Обсуждение: Re: convert libpgport's pqsignal() to a void function

Поиск
Список
Период
Сортировка

Re: convert libpgport's pqsignal() to a void function

От
Tom Lane
Дата:
Nathan Bossart <nathandbossart@gmail.com> writes:
> Thanks to commit 9a45a89, legacy-pqsignal.c now has its own dedicated
> extern for pqsignal(), which decouples it enough that we can follow through
> with changing libpqport's pqsignal() to a void function.

> Thoughts?

LGTM, although I don't know enough about Windows to know if the
"== SIG_ERR" test in that path is correct.

            regards, tom lane



Re: convert libpgport's pqsignal() to a void function

От
Nathan Bossart
Дата:
On Tue, Jan 14, 2025 at 10:02:46PM -0500, Tom Lane wrote:
> LGTM, although I don't know enough about Windows to know if the
> "== SIG_ERR" test in that path is correct.

It's apparently not [0].  :(

My guess is that this has something to do with redefining SIG_ERR in
win32_port.h.  We might be able to use push_macro/pop_macro to keep the old
value around, but at the moment I'm leaning towards just removing the
assertion in that path.

[0] https://cirrus-ci.com/task/6237809813487616

-- 
nathan



Re: convert libpgport's pqsignal() to a void function

От
Tom Lane
Дата:
Nathan Bossart <nathandbossart@gmail.com> writes:
> On Tue, Jan 14, 2025 at 10:02:46PM -0500, Tom Lane wrote:
>> LGTM, although I don't know enough about Windows to know if the
>> "== SIG_ERR" test in that path is correct.

> It's apparently not [0].  :(

Bleah.

> My guess is that this has something to do with redefining SIG_ERR in
> win32_port.h.  We might be able to use push_macro/pop_macro to keep the old
> value around, but at the moment I'm leaning towards just removing the
> assertion in that path.

I wonder why we redefine those values?  But I tend to agree that just
removing the test is sufficient for now.  Given the lack of failure
checks in the existing code, and the lack of trouble reports
suggesting any problem, it's hard to muster enthusiasm for spending
a lot of effort on this.

            regards, tom lane



Re: convert libpgport's pqsignal() to a void function

От
Thomas Munro
Дата:
On Thu, Jan 16, 2025 at 8:15 AM Nathan Bossart <nathandbossart@gmail.com> wrote:
> On Tue, Jan 14, 2025 at 11:08:05PM -0500, Tom Lane wrote:
> > Nathan Bossart <nathandbossart@gmail.com> writes:
> >> My guess is that this has something to do with redefining SIG_ERR in
> >> win32_port.h.  We might be able to use push_macro/pop_macro to keep the old
> >> value around, but at the moment I'm leaning towards just removing the
> >> assertion in that path.
> >
> > I wonder why we redefine those values?
>
> I wondered the same.  Those redefines have been there since commit 5049196,
> but I haven't been able to find any real discussion in the archives about
> it.  Maybe I will bug Magnus about it sometime, in case he happens to
> remember the reason.

My guess would be: perhaps some ancient version of MinGW didn't define
them?  They're defined by MinGW and native signal.h now and they have
the same values, so we should remove them I think.

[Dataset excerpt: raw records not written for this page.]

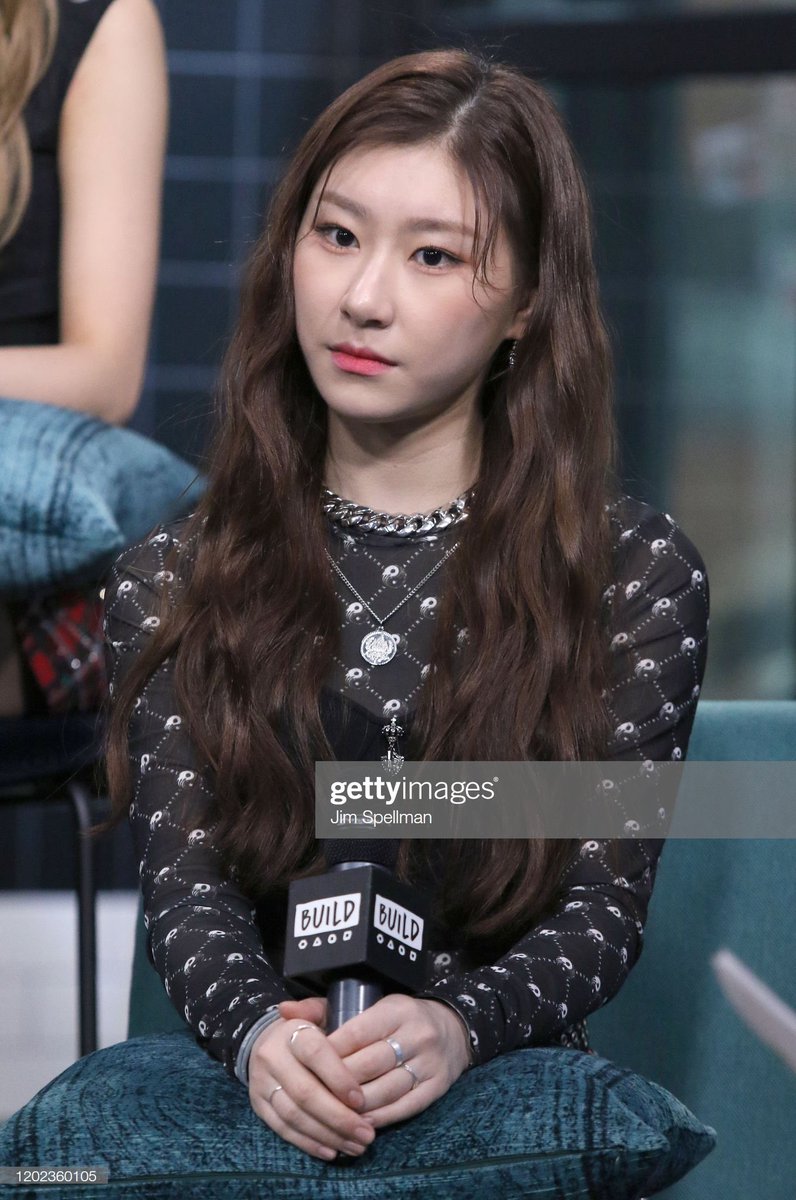 chaerypics's tweet photo. way too pretty https://t.co/lauk8Vjb4t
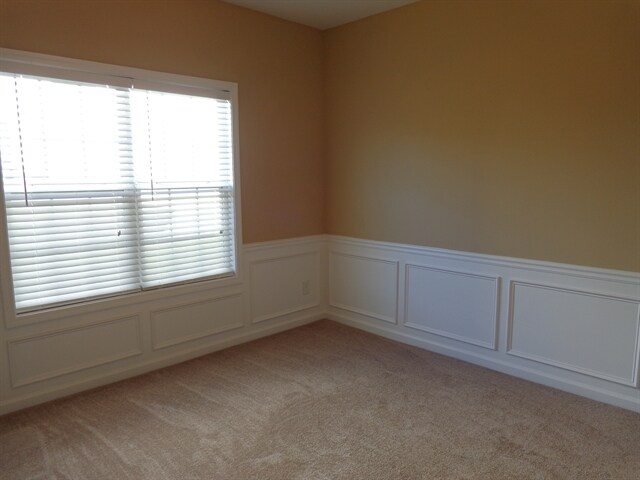 Building Photo - 131 Village Dr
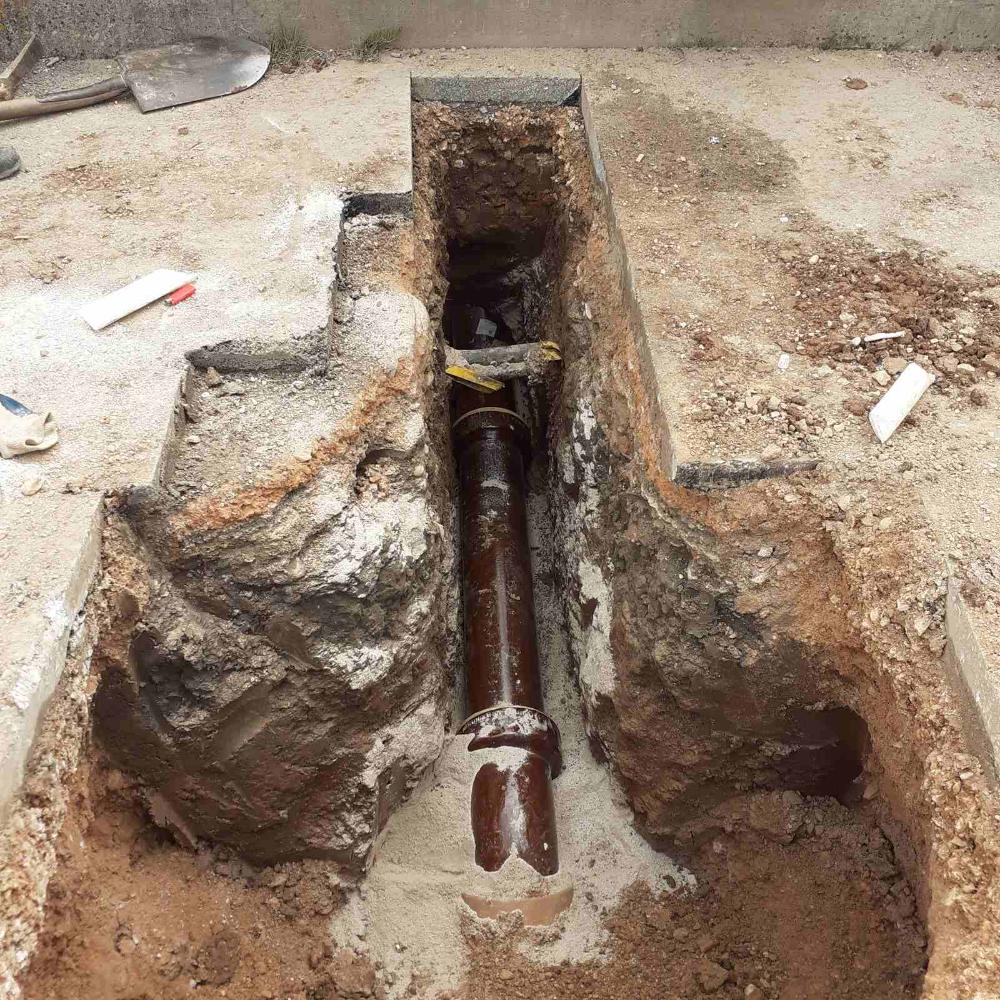 Služba za održavanje kanalizacione mreže i objekata: RADOVI NA KANALIZACIONOJ MREŽI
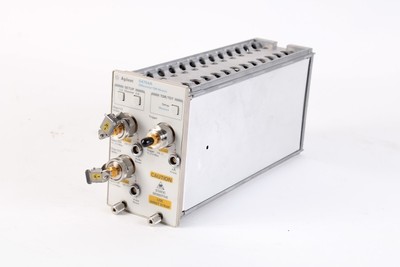 Agilent/Keysight HP N5302A Portatile 2-Slot Telaio Multi-User 
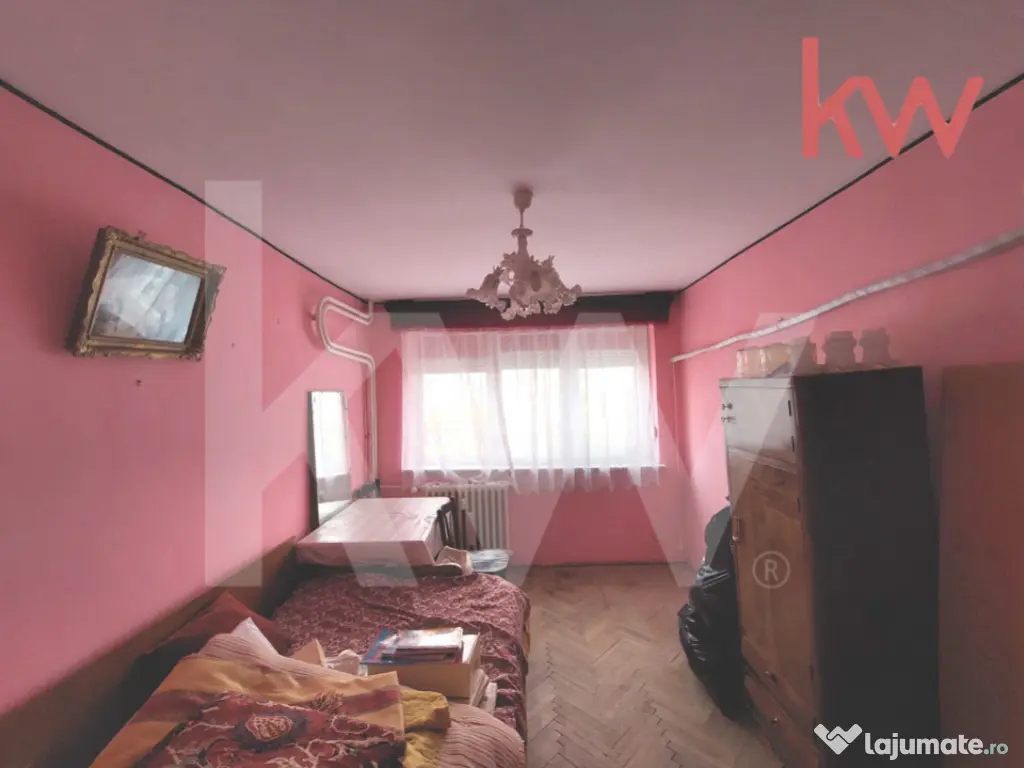 Apartament 3 camere decomandat • Sărari • vedere panora 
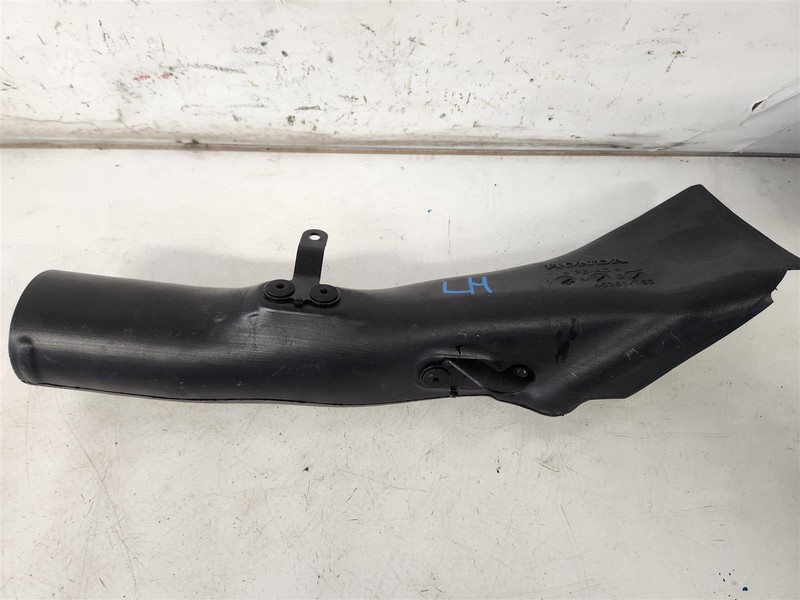 2023-2025 Honda Civic Type-R Brake Cooling Air In Duct 45261-T60-A01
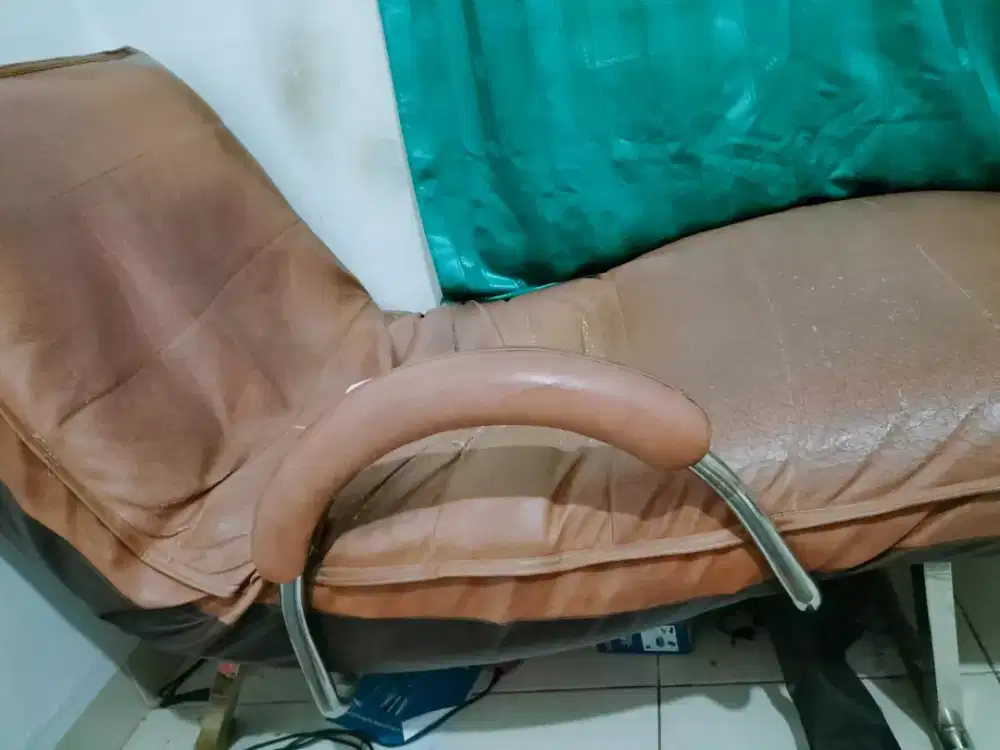 Kursi besi kursi santai tinggal jahit aja dikit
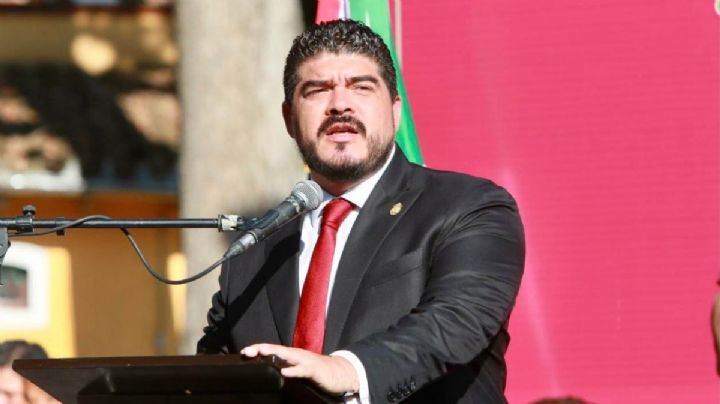 Zenyazen Escobar, secretario de Educación, va por senaduría en Veracruz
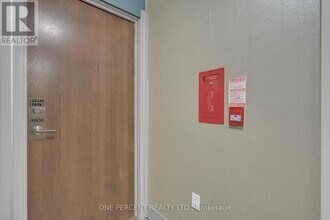 3975 Grand Park Dr in Mississauga, ON - Building Photo - Building Photo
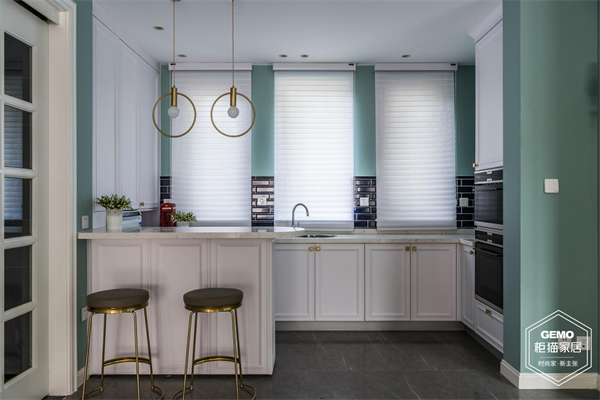 定制家具是當(dāng)下消費(fèi)者選擇家裝的重要方式，熱度更是一直持續(xù)，定制家具有很多優(yōu)勢，當(dāng)然也有一些細(xì)節(jié)消費(fèi)者要特別注意，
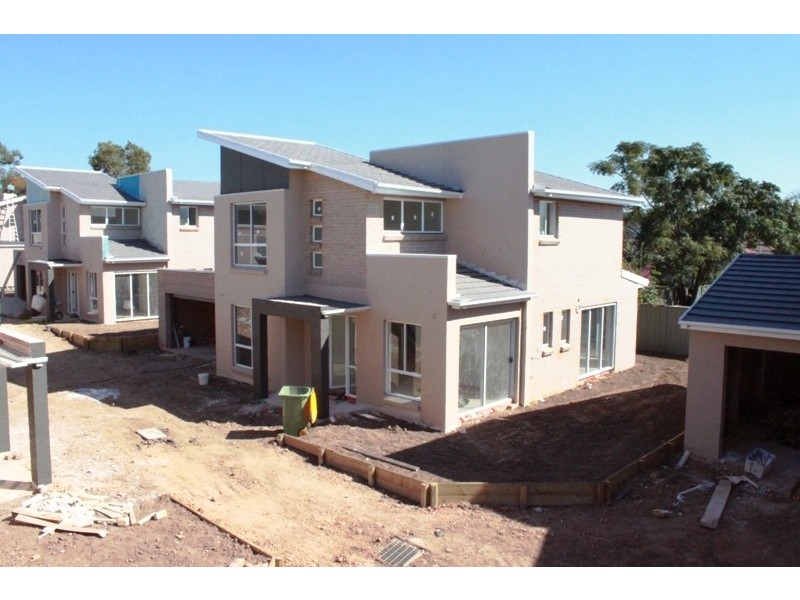 79 The Lakes Drive, Glenmore Park NSW 2745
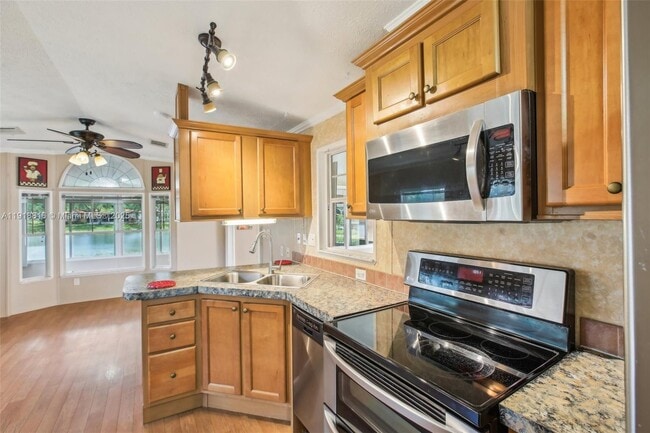 Building Photo - 6621 La Mesa Rd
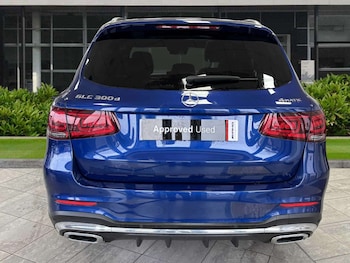 Used Mercedes-Benz GLC 2020 for sale - 77011060: Photo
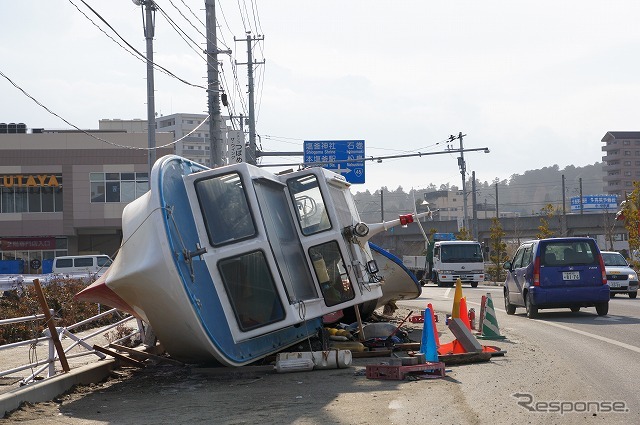 東日本大震災 塩釜…海の水があふれ、周囲に流れ出した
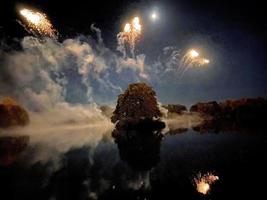 ein blick auf ein feuerwerk am alderford see in whitchurch foto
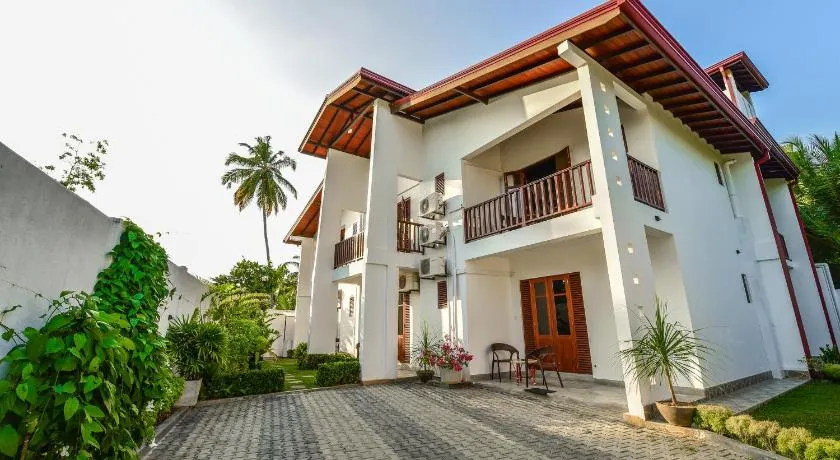 Villa Effort - Image 1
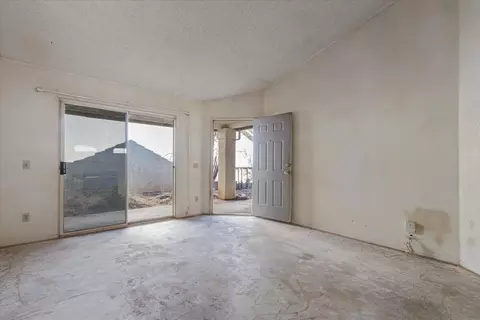 2026 Cape Cod Ln, Palmdale, CA 93550 photo 10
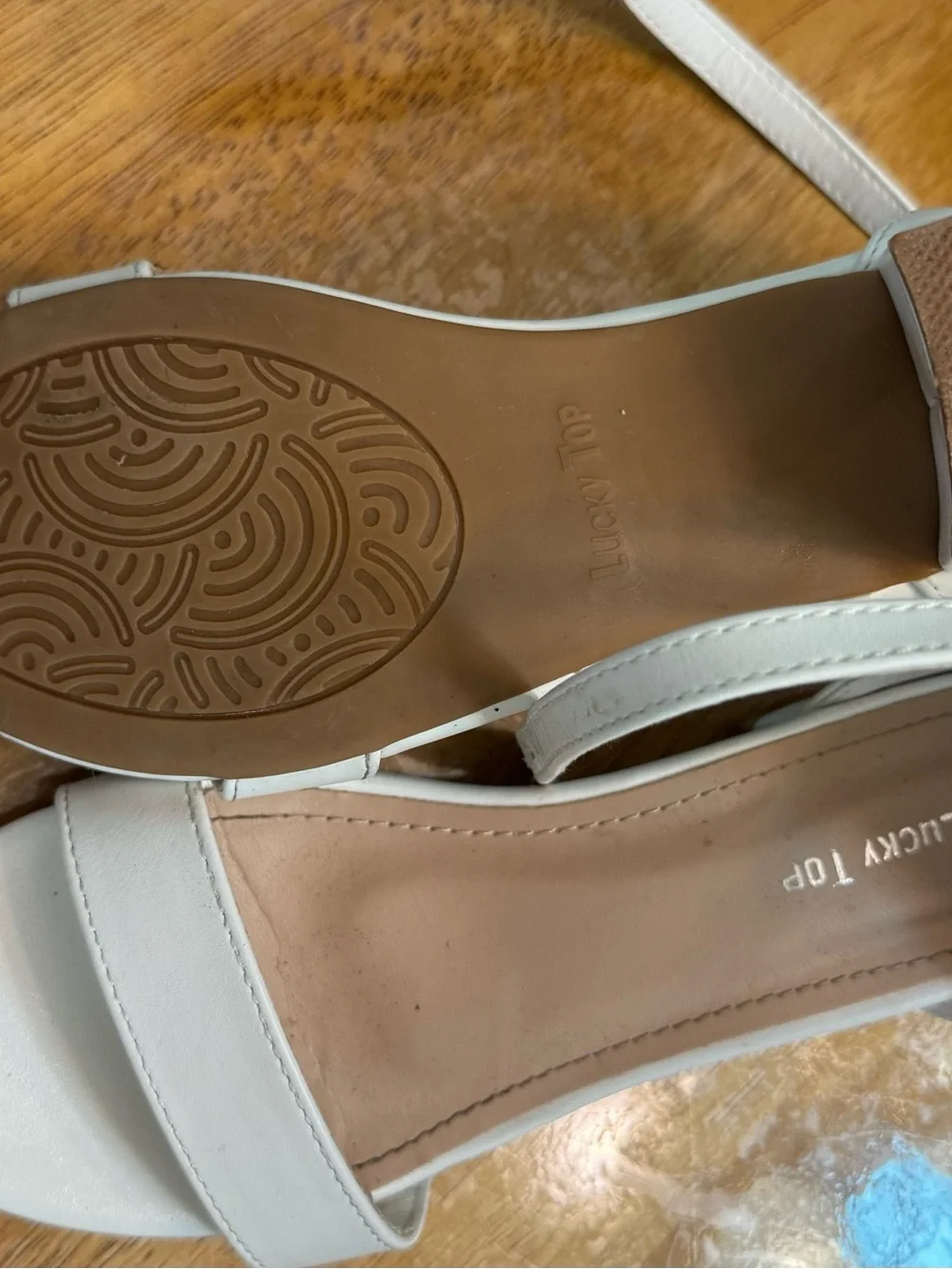 Lucky Brand white lucky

Assertion failed: 0, file ../src/port/pqsignal.c, line 147

Could be due to calling native signal() with a signal number other
than the 6 values required to work by the C standard?



Re: convert libpgport's pqsignal() to a void function

От
Nathan Bossart
Дата:
On Thu, Jan 16, 2025 at 08:21:08AM +1300, Thomas Munro wrote:
> On Thu, Jan 16, 2025 at 8:15 AM Nathan Bossart <nathandbossart@gmail.com> wrote:
>> On Tue, Jan 14, 2025 at 11:08:05PM -0500, Tom Lane wrote:
>> > I wonder why we redefine those values?
>>
>> I wondered the same.  Those redefines have been there since commit 5049196,
>> but I haven't been able to find any real discussion in the archives about
>> it.  Maybe I will bug Magnus about it sometime, in case he happens to
>> remember the reason.
> 
> My guess would be: perhaps some ancient version of MinGW didn't define
> them?  They're defined by MinGW and native signal.h now and they have
> the same values, so we should remove them I think.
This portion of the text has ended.